Available data.
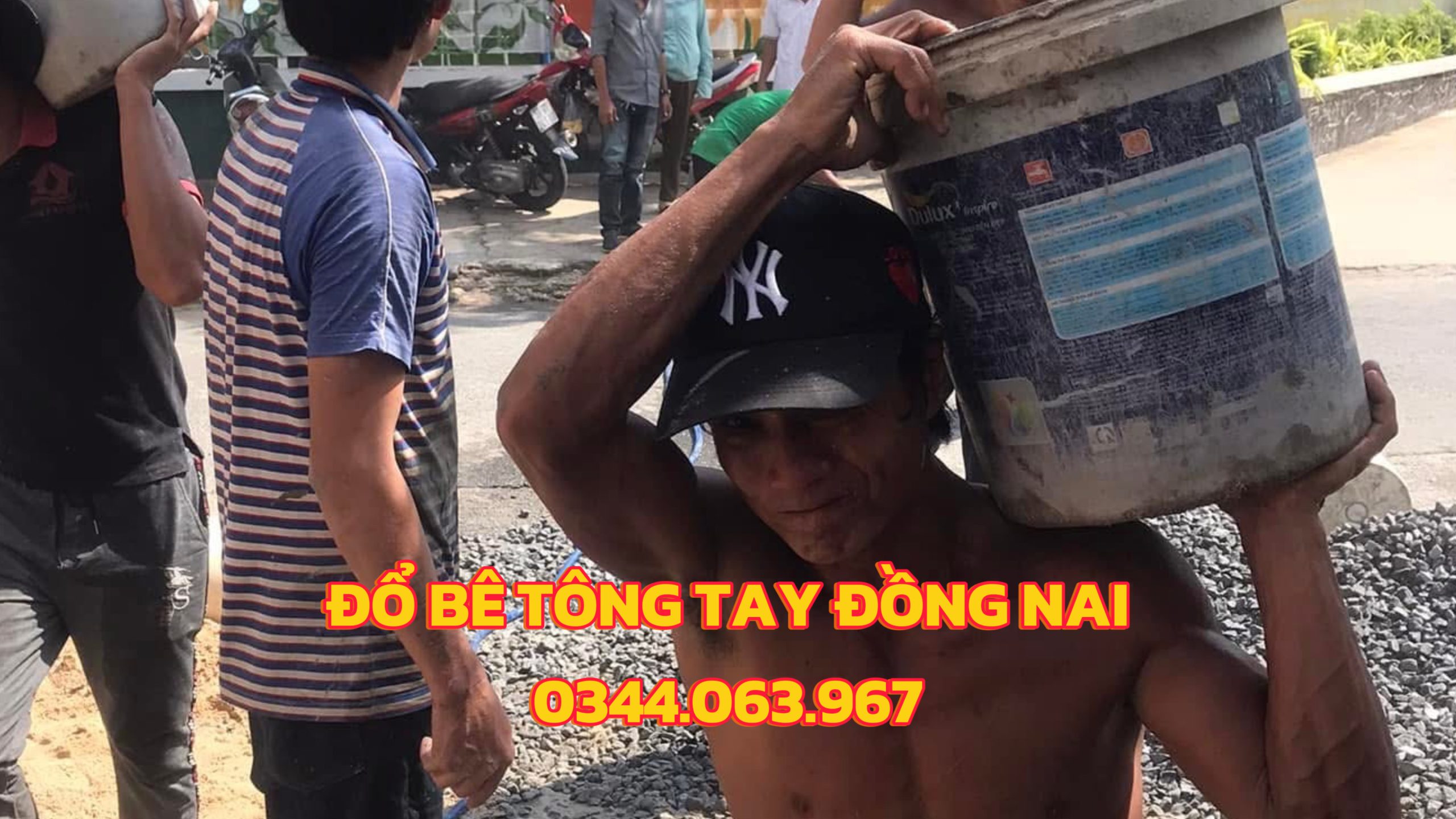 You are currently viewing Đổ Bê Tông Tay Đồng Nai Giá Cạnh Tranh 0344.063.967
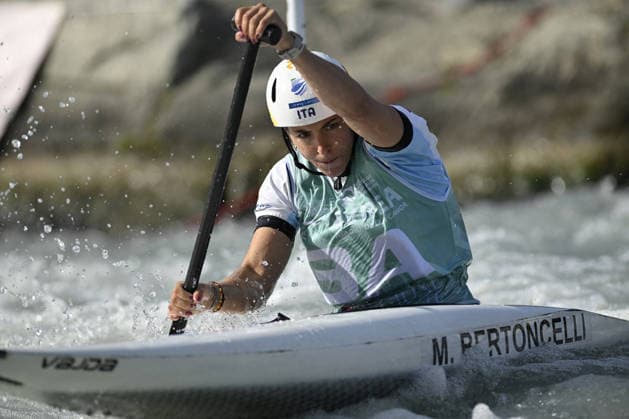 OTHER - Paddle - 2026 Paddle Europe Slalom Championships Photo by IPA ABACAPRESS.COM88932336 - Ivrea, Italy, September 24, 2026 — 2026 Paddle Europe Slalom Championships: Kayak and Canoe Slalom at the Canoe Stadium in Ivrea. Marta Bertoncelli (Team ITA) in action during the Women’s Canoe Teams Final at the 2026 Paddle Europe Slalom Championships. Ivrea Italy  Copyright: xIPAxSport ABACAx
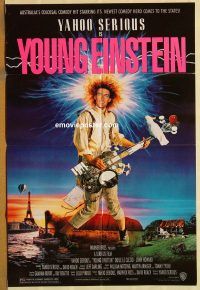 z266 YOUNG EINSTEIN one-sheet movie poster '88 Yahoo Serious!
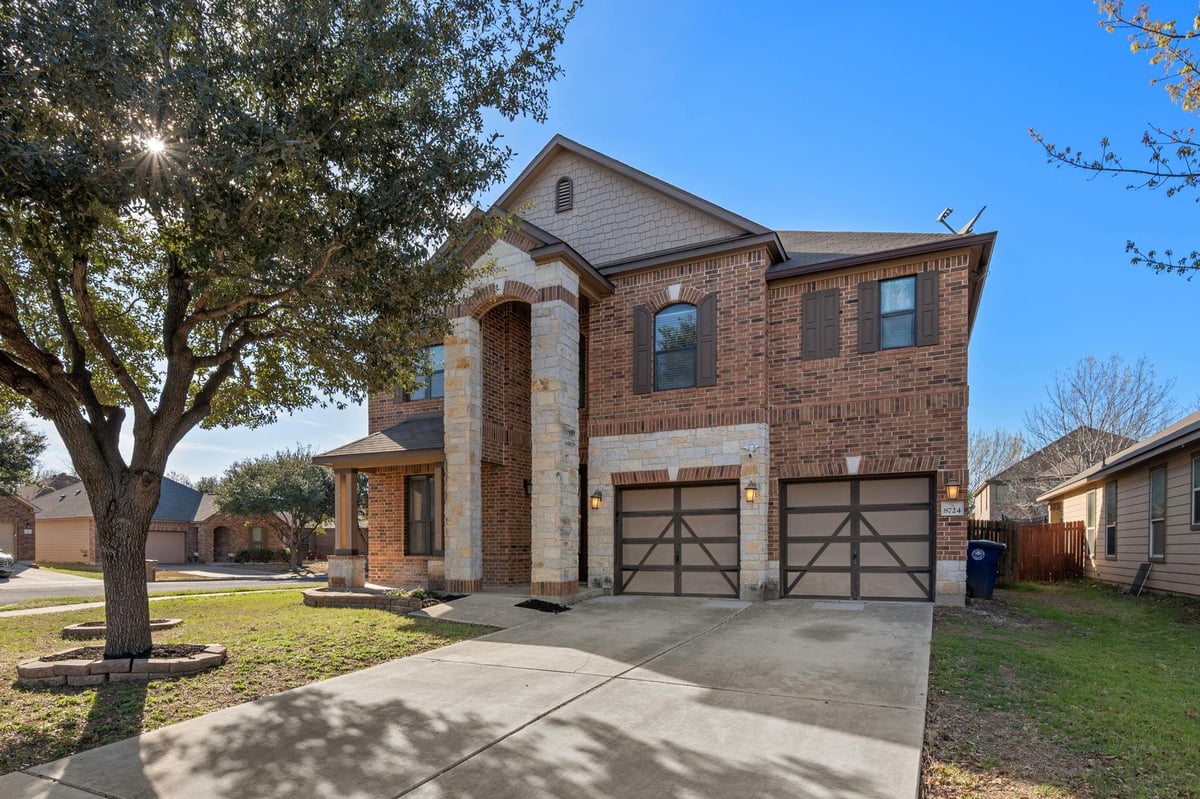 View 8724 Panadero DR in Sheldon 230 Sec 01 PH 01 8724 Panadero DR - property photo 1 - Luxury home in Sheldon 230 Sec 01 PH 01, Austin, TX
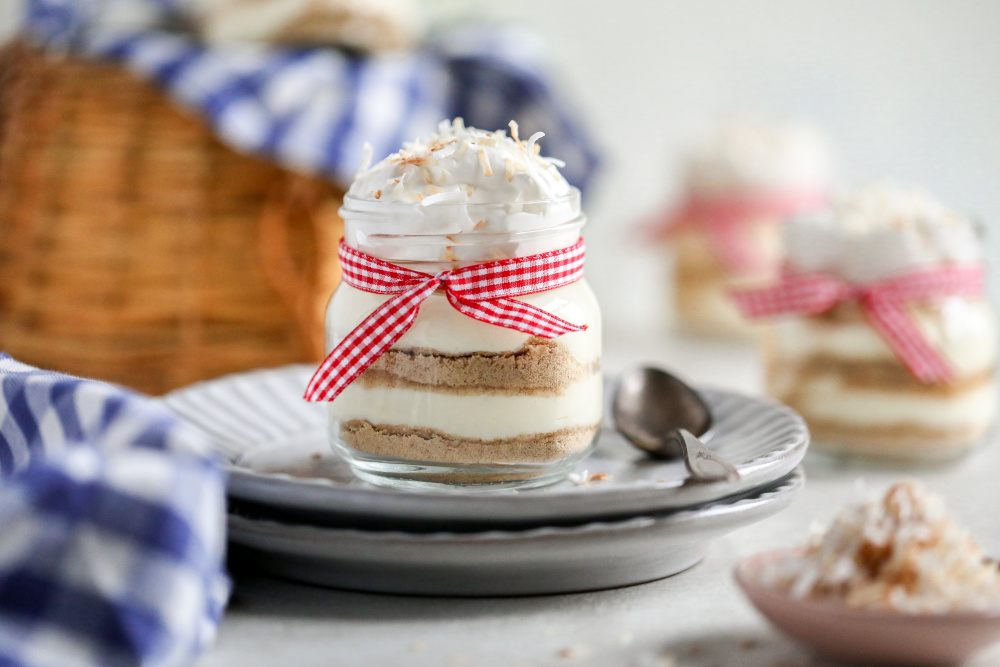 Banana Cream Pie Jar Parfaits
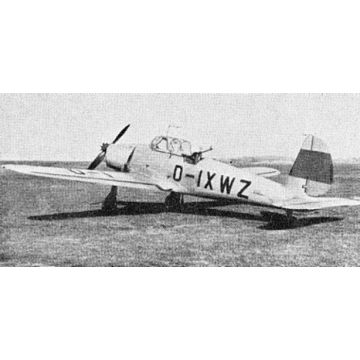 Bauplan Arado Ar 96 B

What you have to do. Look above for the line containing "z266 YOUNG EINSTEIN", then retype it and each line after it to the end of the records, exactly and without pictures.

Answer section.
 z266 YOUNG EINSTEIN one-sheet movie poster '88 Yahoo Serious!
 View 8724 Panadero DR in Sheldon 230 Sec 01 PH 01 8724 Panadero DR - property photo 1 - Luxury home in Sheldon 230 Sec 01 PH 01, Austin, TX
 Banana Cream Pie Jar Parfaits
 Bauplan Arado Ar 96 B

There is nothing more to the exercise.